The announcement two weeks ago that Australia’s first vending machine pizza was available in Sydney sent me into sampling mode.

Just as people remember their exact whereabouts during significant world events, I remember my first taste of homemade pizza: it was Italy, mid 1970s and my non-pizza eating parents and I had been invited to a special family lunch. By contrast, would my first taste of vending machine pizza this week in a stadium-sized shopping mall be memorable? 

Bracing myself for the bland surroundings of a food court, I instead imagined myself somewhere a little grittier. The opening scene of Saturday Night Fever came to mind. I couldn’t recreate 1977, nor request the Bee Gees, but my black pants and oxblood boots had me channelling John Travolta/Tony Manero strutting Brooklyn’s streets eating pizza.

Oxblood Boots


Giorgio Pompei, owner/chef of Pompei’s pizzeria/gelateria at Bondi Beach has invested considerable cash into perfecting what he describes as “the world’s first artisan pizza vending machine”. He is confident his pizzas are superior to the mass-produced ones from vending machines in Italy, France and the USA. His Pizza Gio product is partially cooked at the Bondi restaurant, then chilled and transported across town to the Chatswood food court. The Italian-made machine – which holds 42 Margherita and 42 hot salami pizzas – then dispatches them in three minutes.

Pizza Gio machine


I really wanted to be at the takeaway window of Lenny’s Pizza in Brooklyn to say “Two, gimme two … that’s good” just like John/Tony did, and then slap one slice onto the other. Instead I stood in front of a 2m x 2m beige box, swiped my credit card and waited for Pizza Gio to give birth to a $12 Margherita.



The 11-inch pizza comes in an open box – uncut. Although hungry, I didn’t fancy pushing it into my mouth whole. What would John/Tony do? Probably fold it into a calzone, but not wanting the mess, I began a desperate hunt for a knife. A couple of laps of the food court later, stolen knife and serviette in hand, I’d earned my lunch and Stayin’ Alive seemed an appropriate song to eat to.



I gave a big tick each for the crispy crust, the fresh tasty tomato and mozzarella topping and the distinguishable basil aroma. No ticks though for its lukewarmness after the mad food court dash looking for something to cut it with. Perhaps it’s aimed at pizza lovers who live or work nearby, or people who carry knives.

Compared to the original, very good Pompei pizzas in Bondi, these stack up remarkably well. But will customers favour Pizza Gio over the cheaper, well-known pizza brand on sale a few metres away? I’d hope so, as there are plans to expand the business throughout Sydney and beyond in the future.
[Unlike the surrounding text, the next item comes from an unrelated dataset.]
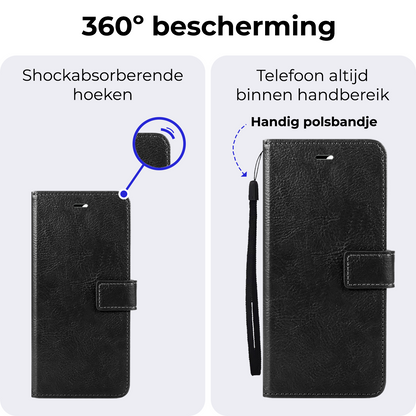 Samsung A16 Hoesje Bookcase Cover met Kaarthouder - Zwart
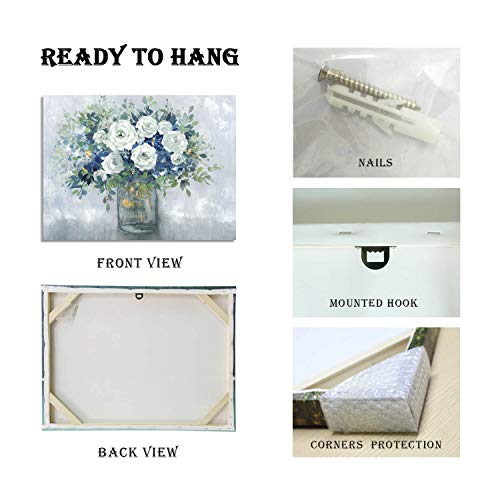 Tar Tar Studio Abstract Flower Canvas Wall Art: Floral Bouquet In Glass Vase Artwork Painting For Bedroom ( 24''W X 18''H, Multiple Sizes ) #TOP6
(The writer paid for her own pizza.) 

And now, here’s the real Tony:












  1. I was appalled until you mentioned Pompei’s – delicious. Roll ’em out, I say. I’ll even wear a white suit…

  2. Benissimo! I must say, I’d set my expectations low, but I needn’t have. The pizza was better than some I’ve had in specialty pizza joints. I hope it works for Giorgio – he’s invested a lot in this. Meanwhile, I’ll go back to try the hot salami – with cutlery in hand.

  3. Such an interesting concept… I dislike the fact that you had to hunt for a knife… but liked reading that you said it was better than pizza you’ve tasted elsewhere… I believe you! Loved the Stayin’ Alive part. Great review!

    • Thanks Liz. It will be interesting to see where he places the machines in the future as he wanted to trial this one far away from his bricks and mortar pizzeria in Bondi so that customers were unaware of his reputation, relying on product taste alone.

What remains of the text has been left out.